In my version, he’s not heroic. Because a contemporary novel doesn’t lend itself to heroism. It’s very difficult to put a full-bodied, full-blooded hero into a contemporary novel without the reader looking for a flaw in that. Pure heroism allows for no shadow or ambiguity. It might be very good in an action movie, but it would not work in the more textured and demanding space of a novel, in which we want to see a human being rendered.

You have Clytemnestra declare, “The time of the gods has passed.” Is this necessary for us to hear as modern readers, or was this embedded in her character all along?

I think the novel, today, is a very secular space, and it’s difficult to put the gods into a novel in any serious way. Think of Jane Austen, for example. Even though her novels are filled with clergymen, God — or the intervention of God’s power — does not play any part. Instead it’s people facing choices and taking chances.  

Is it important for our age to have an understanding of Greek tragedy?

I think we’re living in a time when civil strife is more part of the deal than wars between countries. Look at things now, in relation to what’s happening in Syria, in Libya, and with ISIS. I come from Ireland, where we’ve had two civil wars in the 20th century. Cities were divided, and families took different sides.

I’m not dealing in this novel with the Trojan War; I’m dealing with a war within the House of Atreus. With a father murdering his daughter, a woman murdering her husband, and a son murdering his mother. I’m using the bones of that story, but I’m putting my own blood and flesh around those bones. That really is a contemporary sensibility.
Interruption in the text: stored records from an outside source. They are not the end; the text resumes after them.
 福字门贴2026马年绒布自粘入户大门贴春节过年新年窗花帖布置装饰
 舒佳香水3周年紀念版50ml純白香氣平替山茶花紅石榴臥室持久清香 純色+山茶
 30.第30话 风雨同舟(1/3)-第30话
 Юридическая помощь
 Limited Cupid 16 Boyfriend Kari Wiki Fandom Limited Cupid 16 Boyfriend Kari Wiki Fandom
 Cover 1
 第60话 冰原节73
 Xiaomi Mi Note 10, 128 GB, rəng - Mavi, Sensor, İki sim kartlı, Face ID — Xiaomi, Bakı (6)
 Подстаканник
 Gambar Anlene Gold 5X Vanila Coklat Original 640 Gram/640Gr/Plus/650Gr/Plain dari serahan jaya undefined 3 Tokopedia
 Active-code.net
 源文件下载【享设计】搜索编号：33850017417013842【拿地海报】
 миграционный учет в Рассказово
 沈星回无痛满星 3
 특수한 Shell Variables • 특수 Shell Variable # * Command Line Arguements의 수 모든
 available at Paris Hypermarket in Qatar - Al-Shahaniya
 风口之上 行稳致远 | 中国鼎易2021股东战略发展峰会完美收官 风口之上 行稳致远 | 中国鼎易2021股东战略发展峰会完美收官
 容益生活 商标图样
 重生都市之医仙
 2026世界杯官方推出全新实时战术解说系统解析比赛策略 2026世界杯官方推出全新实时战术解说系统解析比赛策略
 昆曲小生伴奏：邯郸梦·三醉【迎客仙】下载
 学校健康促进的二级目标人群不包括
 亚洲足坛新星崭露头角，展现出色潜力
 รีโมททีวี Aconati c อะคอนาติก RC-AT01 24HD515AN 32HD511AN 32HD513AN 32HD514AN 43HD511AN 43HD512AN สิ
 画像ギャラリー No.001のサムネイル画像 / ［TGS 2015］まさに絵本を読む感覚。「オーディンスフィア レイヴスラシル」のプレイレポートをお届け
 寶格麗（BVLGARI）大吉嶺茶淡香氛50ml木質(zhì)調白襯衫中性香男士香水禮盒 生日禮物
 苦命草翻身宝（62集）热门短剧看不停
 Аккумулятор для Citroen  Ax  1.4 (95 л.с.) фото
This story of generational guilt brings to mind the investment scandal of Bernie Madoff, and commentators insisting that his children, wife and even grandchildren be punished, although they had nothing to do with his crime.

This was a country where one was meant to be able to invent one’s self. America has become, oddly enough, this strange country of families. The whole idea of the Clintons have elements of the Greeks. The whole idea of the Kennedys have elements of the Greeks. And the Trumps, the Kushners. America has become a strange space for these families to inhabit.